- **YOUR TASK**
Your answer must be the full listing, reproduced exactly, minus any pictures.

- **DATA BELOW**
****
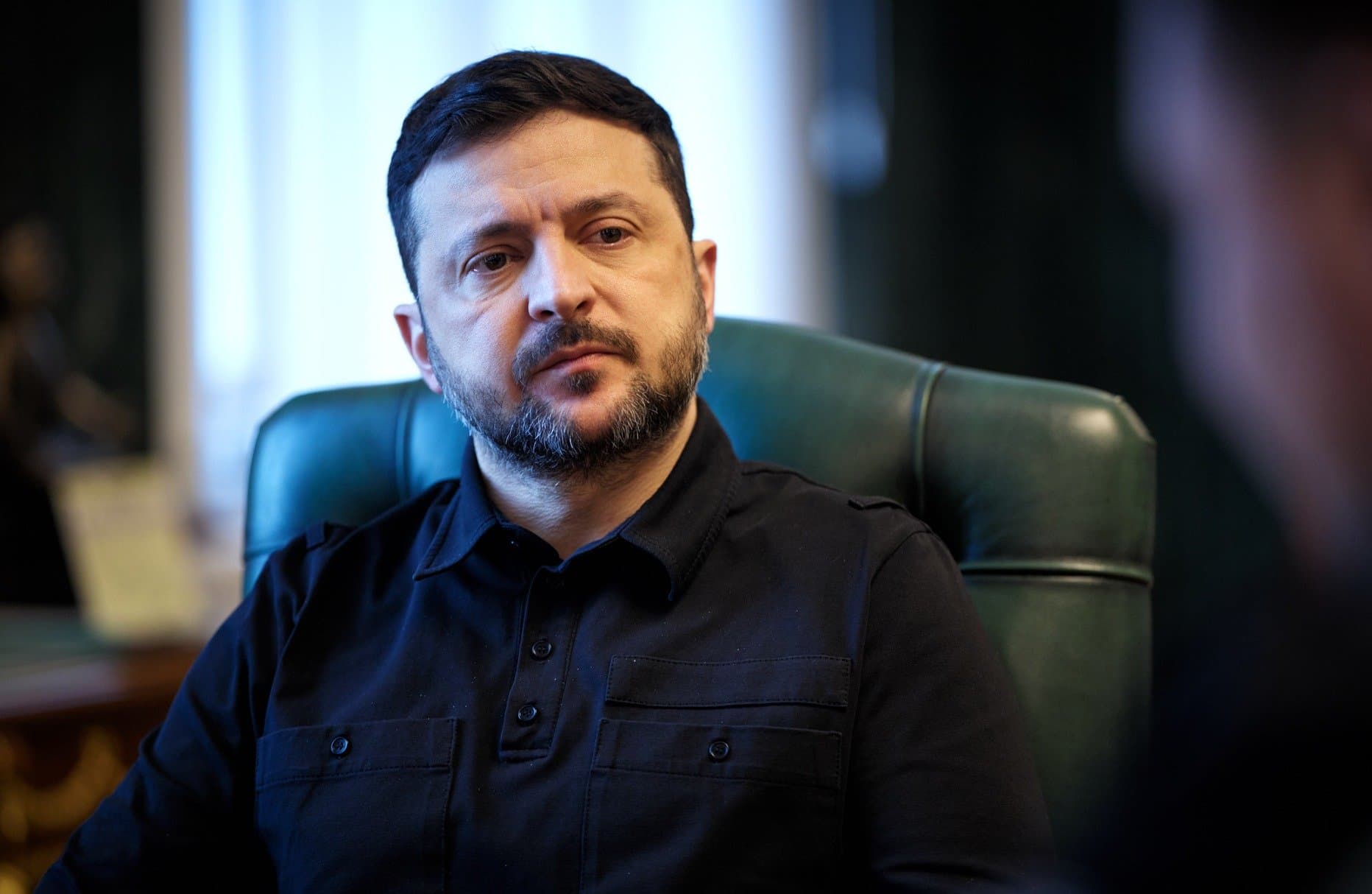 Frontnews image description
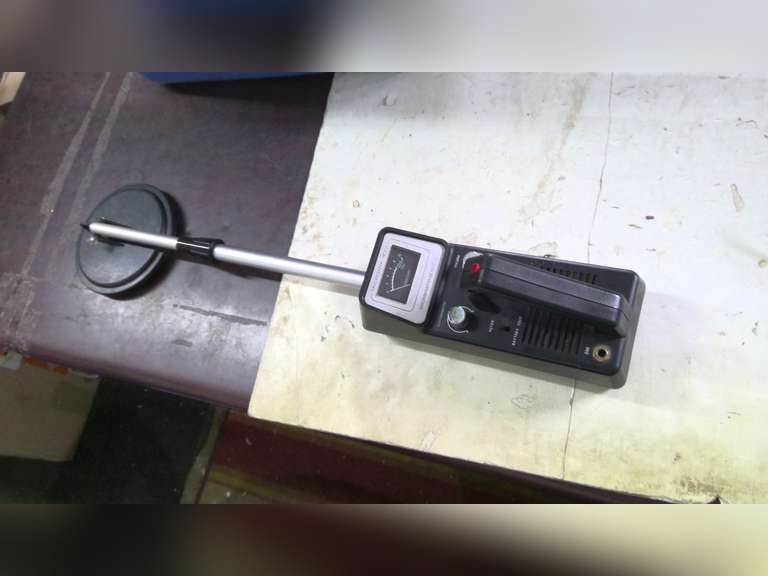 METAL DETECTOR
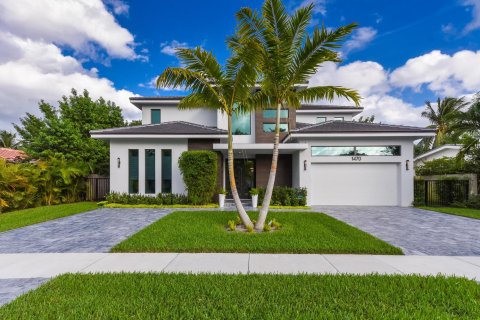 House in Boca Raton, Florida 5 bedrooms, 397.16 sq.m. № 1074864 - photo 1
****
- **RESPONSE FOR THIS EXERCISE**
 Frontnews image description
 METAL DETECTOR
 House in Boca Raton, Florida 5 bedrooms, 397.16 sq.m. № 1074864 - photo 1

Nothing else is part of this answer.